È l'affare di domenica passata, sai
. A queste parole mi cadde la benda dagli occhi.
Qualche disordine piuttosto grave era avvenuto in Congregazione la domenica precedente, ed io era la vittima d'una falsa accusa: seppure i commissari, non avendo potuto trovare i veri colpevoli, non avevano menato i loro colpi alla cieca. Senza alcun dubbio io ero il capro emissario.

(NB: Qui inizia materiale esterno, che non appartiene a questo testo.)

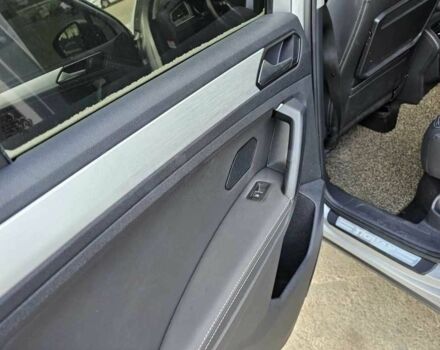 Серый Фольксваген Тигуан, объемом двигателя 2 л и пробегом 67 тыс. км за 20000 $, фото 7 на Automoto.ua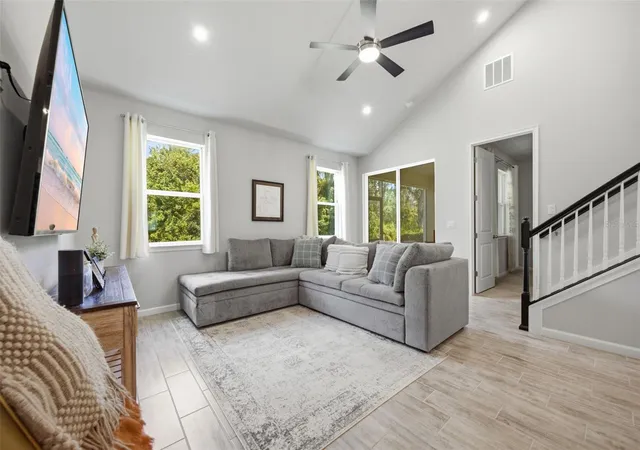 4th image of 5636 Silverbridge Trl, Bradenton, FL 34211 | MLS# A4703264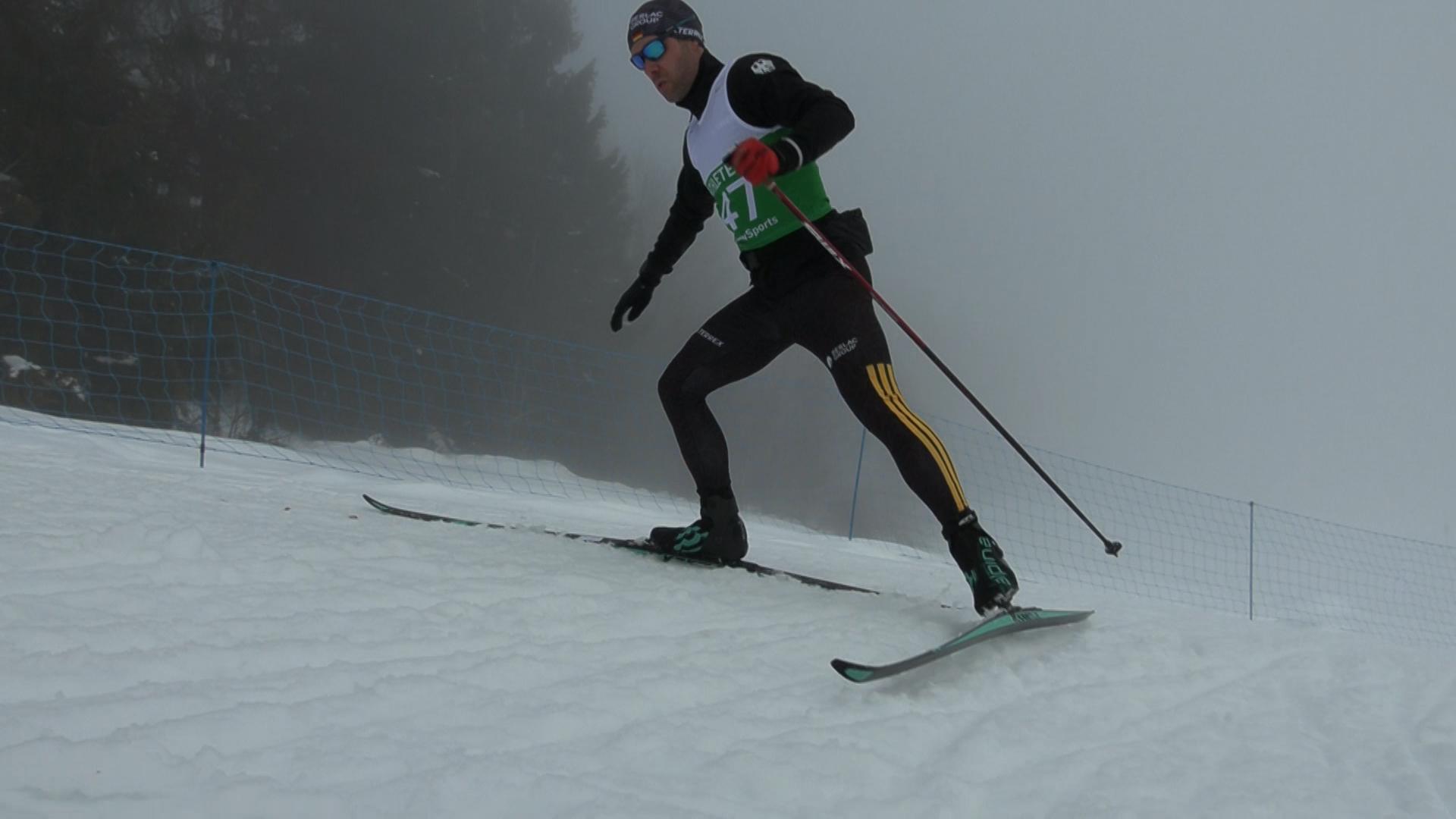 Mit dabei ist auch der Langläufer Max Weidner aus Neureichenau. Seine rechte Hand ist verstümmelt.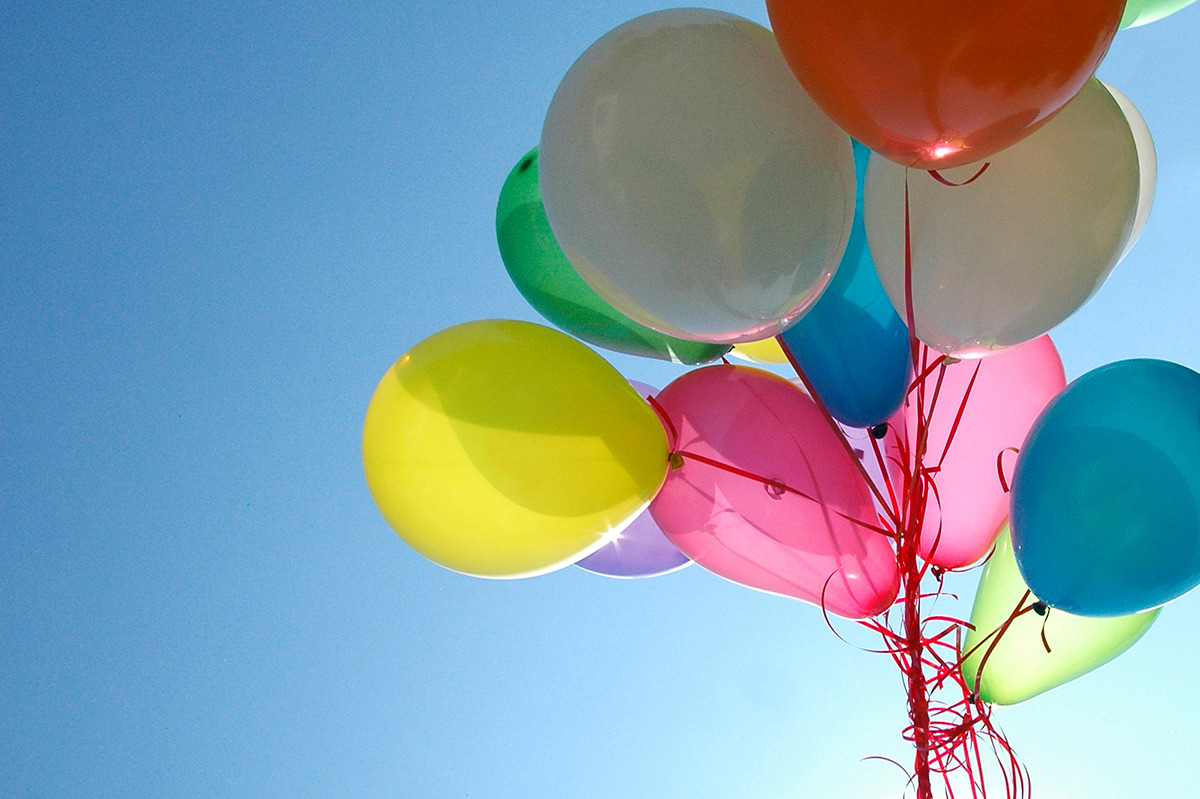 Luftballons_bunt_Himmel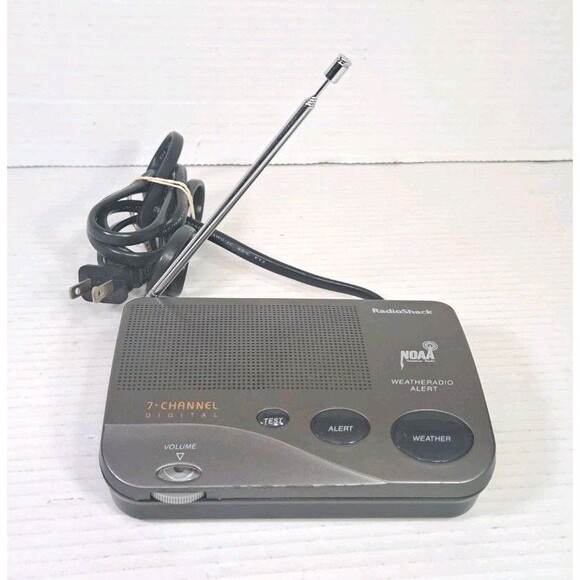 Radio Shack 12-247B 7-Channel Digital NOAA Weather Alert Radio Weatheradio Works - Picture 1 of 5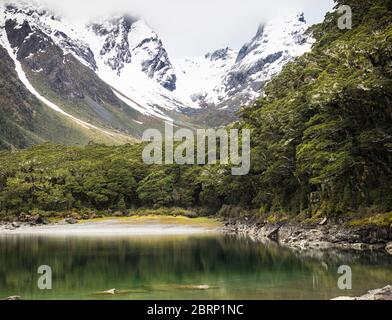 Lac Mackenzie, avec Emily Pass en arrière-plan, Routeburn Track, parc national Fiordland, Nouvelle-Zélande Banque D'Images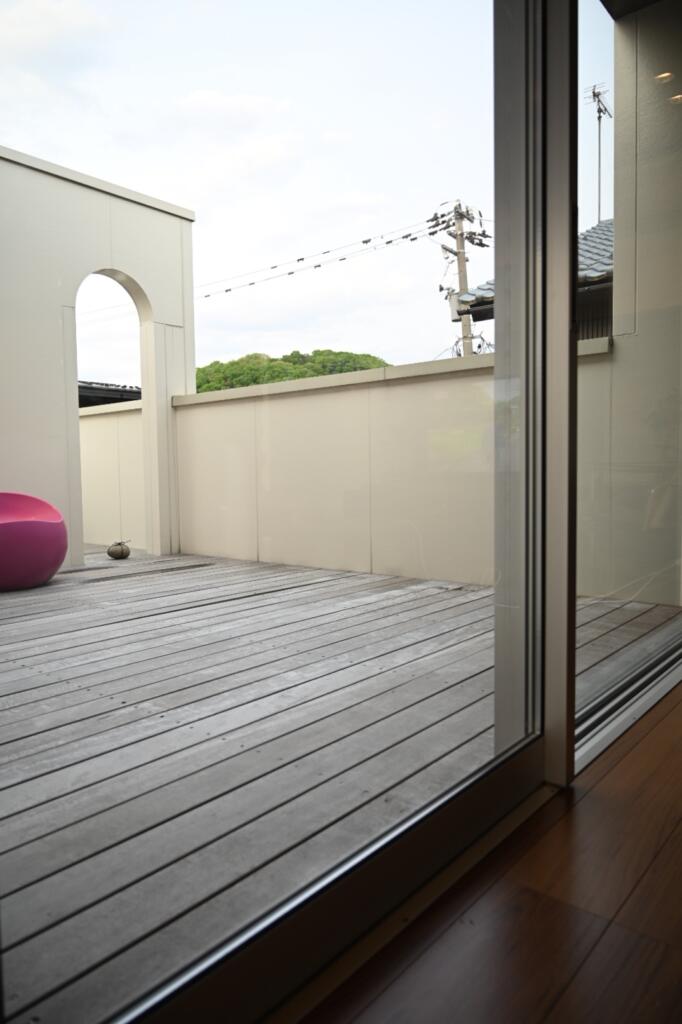 乾いたルーフテラス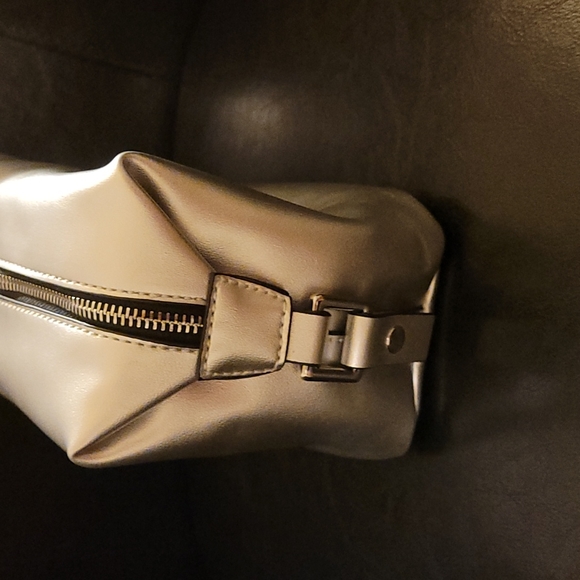 💜HP💜NWOT Kendall + Kylie Make Up Bag💜 - Picture 5 of 10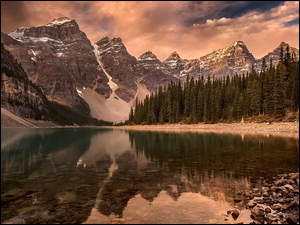 Drzewa, Kamienie, Park Narodowy Banff, Góry, Kanada, Moraine Lake, Jezioro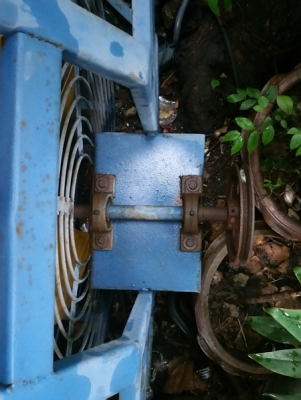 ขายพัดลมอุตสาหกรม ใบขนาด 90 ซม.และมอเตอร์โตชิบ้า1/2แรง มีสองชุด แยกขายทุกเงื่อนไข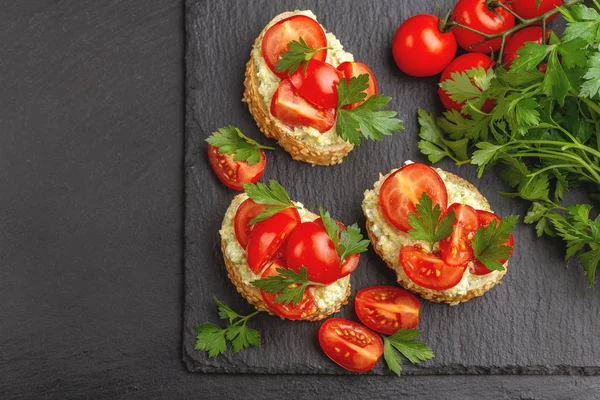 Bruschetta Con Tomates Cherry Picados Puré Aguacate Perejil Fresco Fondo — Foto de Stock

Le funzioni nella chiesa dell'Università erano state interrotte in quel giorno da una cagione singolare. A metà della Messa un fetore così insopportabile s'era sparso attorno l'altar maggiore ed il coro, che il celebrante fu costretto ad interrompere il divin sacrifizio e rifugiarsi in sagrestia. Fatta un'ispezione si trovò dietro l'altar maggiore una quantità di semi di gaggio, che erano stati masticati e sparsi in diversi punti. Il gaggio è un arboscello della specie dell'acacia (Mimosa Larnesiana), che produce un fiore giallo e lanuginoso fatto a forma di pallottola, e di una grande fragranza. Il suo seme, se venga masticato e messo in luoghi chiusi, dopo un po' di tempo manda un fetore nauseante e pestilenziale.
Lo scandalo che ne seguì fu tanto grave da indurre il signor Merlini, che, secondo il solito era il Commissario del mese, a convocare l'intera Giunta: cosa che avveniva di rado. Per quali informazioni i Commissari si fossero risoluti d'infliggere varie punizioni a parecchi studenti, io non pretendo di dirlo. Questo so bene, che, quanto a me, erano caduti in un grand'errore, perché quella domenica fatale non ero neanche comparso in Congregazione.